沢田健(富良野市博物館学芸員)*たんすの8ミリフィルム  2016/02/19

 昨年、お世話になっている知人から、昭和40年前後に撮影した十数本の8ミリフィルムを寄贈いただいた。こうしたフィルムはインターネットで業者に依頼すれば、多額の費用もかからずデジタル映像に変換可能で、DVDプレーヤーで容易に観賞することができるようになる。

 今回の寄贈フィルムの中で私が感嘆の声を上げたのは、金山ダム堤体の建設工事風景、そして富良野町と山部町の合併運動の様子だった。寄贈者は木材業に携わっていたので、造材作業に関わるフィルムも数本あり、機械化が徐々に進んでいく時代の流れも垣間見た。
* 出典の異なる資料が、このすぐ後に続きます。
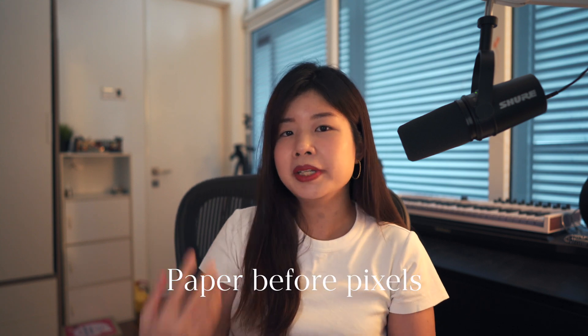Another way to become a better product designer is to go paper before pixels. If you've ever run into a creative rut, or you're struggling to think of ideas quickly, ideate quickly, or map out flows quickly, instead of going directly to your favorite design tool like Figma or Sketch, bring out your notebook and pen and start sketching.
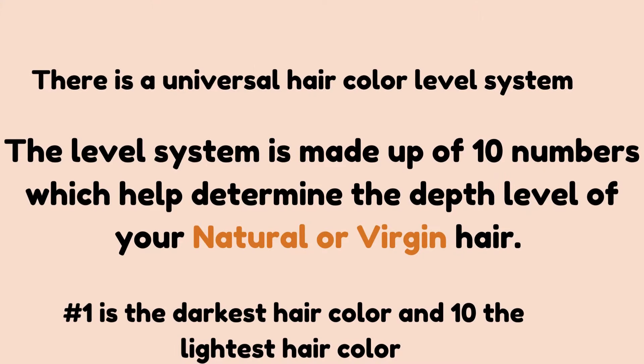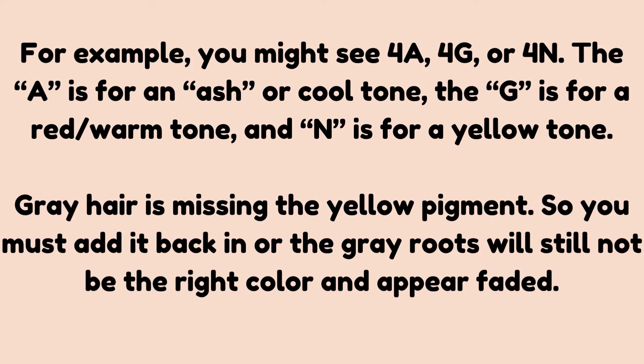Everyone has seen the numbers attached to hair color — this is based on a universal hair color level system. The level system has 10 numbers, and those numbers help determine the depth level of your natural or virgin hair, meaning hair that has never been colored. Within those numbers you have different shades and tones. Number one is the darkest hair color and 10 is the lightest. For example, you might see 4A, 4G, or 4N hair colors. The A is for an ash or cool tone, the G is for a red warm tone, and N is for a yellow tone added to the dye. Gray hair is missing the yellow pigment, so you must add the N back in, or the gray roots will still not be the right color and will appear faded.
 その他のフィルムは小学校の運動会、平和慰霊祭の音楽パレード、高校体育大会、仮装カーニバル、夏休みのラジオ体操など、家族を中心としたプライベート色の強いものが多数だった。しかし、このような私事のフィルムであっても当時の世相はもちろん、背景の街なみや建物など、すでに失われた情報が数多く詰まっている点が大切で、博物館にとっては希少な資料になりうるのだ。

 さてパソコンで編集した映像をやまべゆきんこまつりで公開予定だったが、季節外れの雨天のためにあえなく中止。残念ながら来館者に見ていただくことがかなわず、別の機会に譲ることになった。

 ご自宅に8ミリフィルムを保管されている方は結構いらっしゃるはず。たんすの肥やしにしないで、ぜひ地元の博物館や図書館に相談してみてほしい。あなたのフィルムが、子どもたちや後世の人びとにまちのあゆみを伝える役目を果たすに違いないのだから。